On Wed, Sep 7, 2016 at 10:41 PM Charles Millar <millarc@verizon.net
<mailto:millarc@verizon.net>> wrote:
I have read this thread as well as the other suggested readings.
If the
purpose of either p or P is to pass arguments, I do not understand the
rationale of allowing C-u when using the interactive upper case P.
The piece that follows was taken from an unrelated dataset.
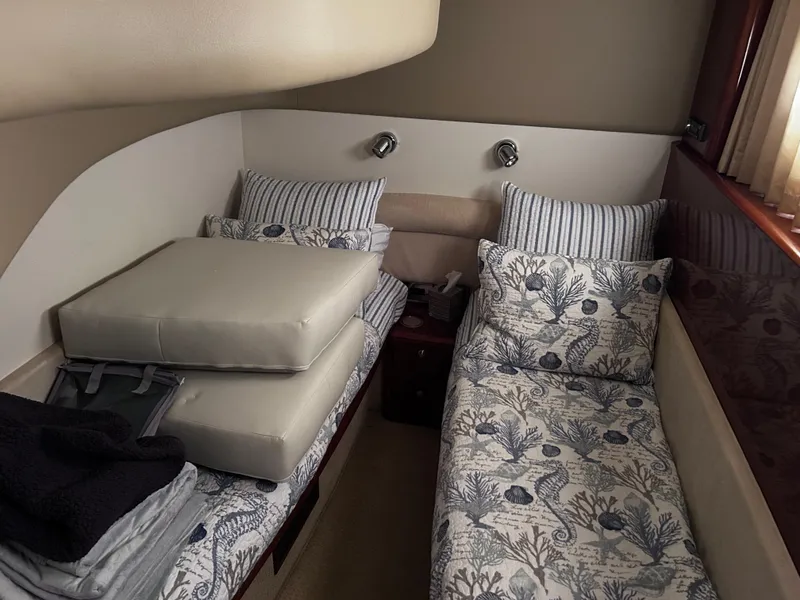 Slide: The Image of Twin cabin interior of 2006 Viking Princess 61 Flybridge yacht with patterned bedding. - 27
That's useful if the user wants the function to behave different based
on if the arg is a list or not.
As
noted above, It returns an integer as the only element in a list,
which
if evaluated returns an error.
If the arg is a list (C-u), you have to treat it as a list.. e.g. use
(car arg).
Is there a use for this?
It's up to the user on how they want to treat different arg values.
Such as you may
want an error?
Here's a dummy example:
(defun foo (arg)
(interactive "P")
(message (concat "Arg is "
(cond
((null arg)
"nil")
((listp arg)
(format "a list with element %d" (car arg)))
(t
(format "a number %d" arg))))))
(global-set-key (kbd "C-c '") #'foo)''''
After evaluating the above, do
- C-c '
- C-0 C-c ' or M-0 C-c '
- C-1 C-c ' or M-1 C-c '
- ..
- C-u C-c '
- C-4 C-c ' or M-4 C-c '
- C-u C-u C-c '
- C-1 C-6 C-c ' or M-1 M-6 C-c '
If the user wishes, they can make the foo function behave differently
for each of the above bullets.
So it eventually boils down to what the user wants.. do they want the
default arg to be nil or 1, do they want to support C-u and C-4 args
in different manner, etc. Based on that, they can choose to use the
"p" or "P" version of interactive.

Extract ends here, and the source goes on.